- **About this task**: Filter the records below and copy every line containing the word "ounces".

- **Source material**:
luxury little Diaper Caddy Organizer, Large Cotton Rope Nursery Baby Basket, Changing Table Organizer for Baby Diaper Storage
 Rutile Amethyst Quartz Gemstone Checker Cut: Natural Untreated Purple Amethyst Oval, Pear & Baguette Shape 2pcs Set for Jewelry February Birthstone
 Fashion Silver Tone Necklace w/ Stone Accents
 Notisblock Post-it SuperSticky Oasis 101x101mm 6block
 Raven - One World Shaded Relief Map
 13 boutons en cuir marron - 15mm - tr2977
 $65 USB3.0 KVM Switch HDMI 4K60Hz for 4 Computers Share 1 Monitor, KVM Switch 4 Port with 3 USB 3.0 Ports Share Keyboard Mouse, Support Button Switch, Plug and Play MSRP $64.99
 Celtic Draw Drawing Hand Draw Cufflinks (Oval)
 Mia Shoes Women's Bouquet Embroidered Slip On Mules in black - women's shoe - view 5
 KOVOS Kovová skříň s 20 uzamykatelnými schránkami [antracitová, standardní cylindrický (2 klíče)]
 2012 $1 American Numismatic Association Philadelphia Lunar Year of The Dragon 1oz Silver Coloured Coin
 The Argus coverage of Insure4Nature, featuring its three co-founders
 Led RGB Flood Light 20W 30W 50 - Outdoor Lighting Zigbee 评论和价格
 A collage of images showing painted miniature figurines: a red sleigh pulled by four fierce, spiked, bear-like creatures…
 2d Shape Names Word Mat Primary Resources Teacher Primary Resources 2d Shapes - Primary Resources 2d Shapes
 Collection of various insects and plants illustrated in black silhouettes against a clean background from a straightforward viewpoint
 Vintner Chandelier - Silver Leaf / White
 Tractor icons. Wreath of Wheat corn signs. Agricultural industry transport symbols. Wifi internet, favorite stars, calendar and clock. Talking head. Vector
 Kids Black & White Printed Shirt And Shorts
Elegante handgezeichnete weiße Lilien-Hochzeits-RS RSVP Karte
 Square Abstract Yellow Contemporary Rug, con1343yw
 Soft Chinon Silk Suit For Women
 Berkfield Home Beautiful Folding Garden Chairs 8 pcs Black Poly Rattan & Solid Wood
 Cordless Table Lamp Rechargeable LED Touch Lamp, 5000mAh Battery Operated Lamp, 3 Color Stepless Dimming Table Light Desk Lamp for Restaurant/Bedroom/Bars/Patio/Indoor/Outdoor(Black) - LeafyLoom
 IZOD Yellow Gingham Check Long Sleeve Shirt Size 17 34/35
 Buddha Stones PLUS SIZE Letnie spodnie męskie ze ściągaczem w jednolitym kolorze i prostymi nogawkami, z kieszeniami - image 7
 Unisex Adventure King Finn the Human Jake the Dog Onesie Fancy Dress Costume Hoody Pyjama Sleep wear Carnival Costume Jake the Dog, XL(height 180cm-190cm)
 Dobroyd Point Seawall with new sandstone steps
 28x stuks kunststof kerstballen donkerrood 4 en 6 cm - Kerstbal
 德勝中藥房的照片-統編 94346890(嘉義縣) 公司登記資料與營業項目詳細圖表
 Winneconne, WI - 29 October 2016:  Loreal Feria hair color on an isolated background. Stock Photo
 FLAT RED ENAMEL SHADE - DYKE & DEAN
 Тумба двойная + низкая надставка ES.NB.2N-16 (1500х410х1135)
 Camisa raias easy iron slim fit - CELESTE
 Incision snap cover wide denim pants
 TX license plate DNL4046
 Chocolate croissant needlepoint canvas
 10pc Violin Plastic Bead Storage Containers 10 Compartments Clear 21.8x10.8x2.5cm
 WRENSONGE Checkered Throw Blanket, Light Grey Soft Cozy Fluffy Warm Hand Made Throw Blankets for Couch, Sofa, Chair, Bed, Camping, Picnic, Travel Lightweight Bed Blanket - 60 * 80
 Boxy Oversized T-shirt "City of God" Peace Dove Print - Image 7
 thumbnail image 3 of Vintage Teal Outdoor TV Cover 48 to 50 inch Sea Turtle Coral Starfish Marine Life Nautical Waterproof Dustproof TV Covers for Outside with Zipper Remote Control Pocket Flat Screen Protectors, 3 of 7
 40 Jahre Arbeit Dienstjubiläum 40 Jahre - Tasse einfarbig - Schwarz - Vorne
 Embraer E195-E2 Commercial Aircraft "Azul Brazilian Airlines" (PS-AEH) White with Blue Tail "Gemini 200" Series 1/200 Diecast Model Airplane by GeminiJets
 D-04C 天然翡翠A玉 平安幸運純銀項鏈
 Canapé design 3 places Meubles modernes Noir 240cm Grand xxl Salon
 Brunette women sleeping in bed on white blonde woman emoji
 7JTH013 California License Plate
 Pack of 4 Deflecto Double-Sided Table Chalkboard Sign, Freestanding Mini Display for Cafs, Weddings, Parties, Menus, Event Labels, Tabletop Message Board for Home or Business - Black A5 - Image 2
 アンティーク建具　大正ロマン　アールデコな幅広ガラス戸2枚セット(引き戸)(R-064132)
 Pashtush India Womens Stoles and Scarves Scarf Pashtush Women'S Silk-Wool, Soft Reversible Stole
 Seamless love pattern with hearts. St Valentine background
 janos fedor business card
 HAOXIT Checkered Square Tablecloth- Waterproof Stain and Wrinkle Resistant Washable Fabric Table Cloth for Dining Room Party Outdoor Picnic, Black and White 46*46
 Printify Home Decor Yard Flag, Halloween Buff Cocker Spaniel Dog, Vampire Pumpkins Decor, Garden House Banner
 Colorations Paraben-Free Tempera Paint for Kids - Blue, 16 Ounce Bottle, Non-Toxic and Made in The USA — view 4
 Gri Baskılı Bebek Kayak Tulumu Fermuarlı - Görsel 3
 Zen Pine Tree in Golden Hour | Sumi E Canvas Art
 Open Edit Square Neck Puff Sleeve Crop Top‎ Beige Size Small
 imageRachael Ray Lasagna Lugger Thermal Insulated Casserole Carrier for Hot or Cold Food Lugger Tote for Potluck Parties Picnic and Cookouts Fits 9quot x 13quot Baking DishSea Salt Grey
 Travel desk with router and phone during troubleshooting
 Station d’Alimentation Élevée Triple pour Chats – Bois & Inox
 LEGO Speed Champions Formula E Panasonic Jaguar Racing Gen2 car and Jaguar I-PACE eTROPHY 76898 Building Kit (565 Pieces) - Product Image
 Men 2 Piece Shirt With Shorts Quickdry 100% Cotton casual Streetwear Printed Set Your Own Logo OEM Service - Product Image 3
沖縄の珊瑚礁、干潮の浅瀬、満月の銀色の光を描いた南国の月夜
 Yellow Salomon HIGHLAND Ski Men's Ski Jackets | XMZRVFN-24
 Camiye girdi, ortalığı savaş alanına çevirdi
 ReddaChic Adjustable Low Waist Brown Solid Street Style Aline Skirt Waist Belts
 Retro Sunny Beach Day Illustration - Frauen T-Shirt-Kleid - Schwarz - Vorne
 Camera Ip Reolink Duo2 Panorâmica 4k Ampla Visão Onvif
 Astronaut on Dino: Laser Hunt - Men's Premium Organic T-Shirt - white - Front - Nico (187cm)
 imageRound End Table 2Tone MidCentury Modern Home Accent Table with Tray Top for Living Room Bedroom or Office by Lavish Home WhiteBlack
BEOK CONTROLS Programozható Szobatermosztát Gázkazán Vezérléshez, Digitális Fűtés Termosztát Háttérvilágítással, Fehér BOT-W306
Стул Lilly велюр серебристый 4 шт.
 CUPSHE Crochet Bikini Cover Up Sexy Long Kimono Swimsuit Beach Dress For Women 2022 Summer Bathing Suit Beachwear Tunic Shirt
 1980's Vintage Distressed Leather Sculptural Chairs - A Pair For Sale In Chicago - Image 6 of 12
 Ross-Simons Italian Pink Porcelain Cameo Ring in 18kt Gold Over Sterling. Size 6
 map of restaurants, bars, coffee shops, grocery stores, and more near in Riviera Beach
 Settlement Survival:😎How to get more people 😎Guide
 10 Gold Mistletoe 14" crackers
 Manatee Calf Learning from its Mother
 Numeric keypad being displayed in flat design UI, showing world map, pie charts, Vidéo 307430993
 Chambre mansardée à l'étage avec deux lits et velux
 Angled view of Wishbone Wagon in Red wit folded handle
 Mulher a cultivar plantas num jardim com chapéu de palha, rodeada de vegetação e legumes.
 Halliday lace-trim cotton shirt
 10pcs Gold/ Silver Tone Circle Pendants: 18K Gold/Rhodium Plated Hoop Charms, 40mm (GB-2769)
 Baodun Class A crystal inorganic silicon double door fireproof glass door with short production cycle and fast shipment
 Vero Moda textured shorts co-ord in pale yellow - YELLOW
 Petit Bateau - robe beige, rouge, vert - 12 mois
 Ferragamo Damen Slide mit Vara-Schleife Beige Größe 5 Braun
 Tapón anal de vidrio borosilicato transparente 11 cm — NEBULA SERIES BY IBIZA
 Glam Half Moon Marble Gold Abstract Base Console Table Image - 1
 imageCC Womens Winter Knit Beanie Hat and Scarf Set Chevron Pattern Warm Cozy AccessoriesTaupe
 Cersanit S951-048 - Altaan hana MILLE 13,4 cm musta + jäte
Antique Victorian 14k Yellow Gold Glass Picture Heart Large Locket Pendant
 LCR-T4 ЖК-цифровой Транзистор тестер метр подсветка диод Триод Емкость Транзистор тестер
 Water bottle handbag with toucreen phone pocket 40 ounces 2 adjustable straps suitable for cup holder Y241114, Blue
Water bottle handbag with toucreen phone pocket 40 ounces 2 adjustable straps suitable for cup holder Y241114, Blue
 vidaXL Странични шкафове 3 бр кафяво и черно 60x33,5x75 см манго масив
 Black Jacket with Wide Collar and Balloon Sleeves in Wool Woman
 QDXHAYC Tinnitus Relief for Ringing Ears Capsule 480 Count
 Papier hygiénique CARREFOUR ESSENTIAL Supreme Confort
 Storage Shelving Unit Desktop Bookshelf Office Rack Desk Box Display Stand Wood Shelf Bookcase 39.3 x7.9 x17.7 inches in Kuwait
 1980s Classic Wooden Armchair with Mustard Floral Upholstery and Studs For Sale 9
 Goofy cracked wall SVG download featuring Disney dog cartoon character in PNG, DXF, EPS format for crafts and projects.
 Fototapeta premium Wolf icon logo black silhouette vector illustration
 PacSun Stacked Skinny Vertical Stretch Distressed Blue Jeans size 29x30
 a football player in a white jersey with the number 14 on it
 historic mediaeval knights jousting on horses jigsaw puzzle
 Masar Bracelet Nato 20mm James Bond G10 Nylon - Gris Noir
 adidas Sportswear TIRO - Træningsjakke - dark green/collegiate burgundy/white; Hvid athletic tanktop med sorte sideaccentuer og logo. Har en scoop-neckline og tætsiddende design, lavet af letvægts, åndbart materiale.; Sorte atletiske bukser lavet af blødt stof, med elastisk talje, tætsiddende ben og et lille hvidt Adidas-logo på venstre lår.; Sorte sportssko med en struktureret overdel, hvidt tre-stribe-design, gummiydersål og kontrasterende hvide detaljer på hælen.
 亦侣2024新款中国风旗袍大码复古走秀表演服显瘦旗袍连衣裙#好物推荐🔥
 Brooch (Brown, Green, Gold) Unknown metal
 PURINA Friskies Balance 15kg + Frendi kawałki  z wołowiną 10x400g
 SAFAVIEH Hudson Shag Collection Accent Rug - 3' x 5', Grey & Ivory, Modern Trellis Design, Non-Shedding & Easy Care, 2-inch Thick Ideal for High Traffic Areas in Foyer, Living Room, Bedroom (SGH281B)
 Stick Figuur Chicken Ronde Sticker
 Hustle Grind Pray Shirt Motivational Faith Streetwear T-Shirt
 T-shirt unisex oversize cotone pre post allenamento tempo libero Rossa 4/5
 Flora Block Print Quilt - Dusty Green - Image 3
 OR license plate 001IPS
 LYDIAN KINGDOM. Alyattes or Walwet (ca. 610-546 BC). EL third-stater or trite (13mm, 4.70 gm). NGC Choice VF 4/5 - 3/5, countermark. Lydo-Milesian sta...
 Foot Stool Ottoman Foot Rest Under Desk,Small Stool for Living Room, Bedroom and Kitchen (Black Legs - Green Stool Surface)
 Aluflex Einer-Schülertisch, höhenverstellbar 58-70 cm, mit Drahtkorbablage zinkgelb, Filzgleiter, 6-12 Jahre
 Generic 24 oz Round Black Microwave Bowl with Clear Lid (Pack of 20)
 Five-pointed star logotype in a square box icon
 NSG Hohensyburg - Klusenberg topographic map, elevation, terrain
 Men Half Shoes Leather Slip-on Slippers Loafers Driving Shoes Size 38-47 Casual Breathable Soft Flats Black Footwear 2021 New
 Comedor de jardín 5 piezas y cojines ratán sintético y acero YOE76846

- **Solution below**:
 Water bottle handbag with toucreen phone pocket 40 ounces 2 adjustable straps suitable for cup holder Y241114, Blue
Water bottle handbag with toucreen phone pocket 40 ounces 2 adjustable straps suitable for cup holder Y241114, Blue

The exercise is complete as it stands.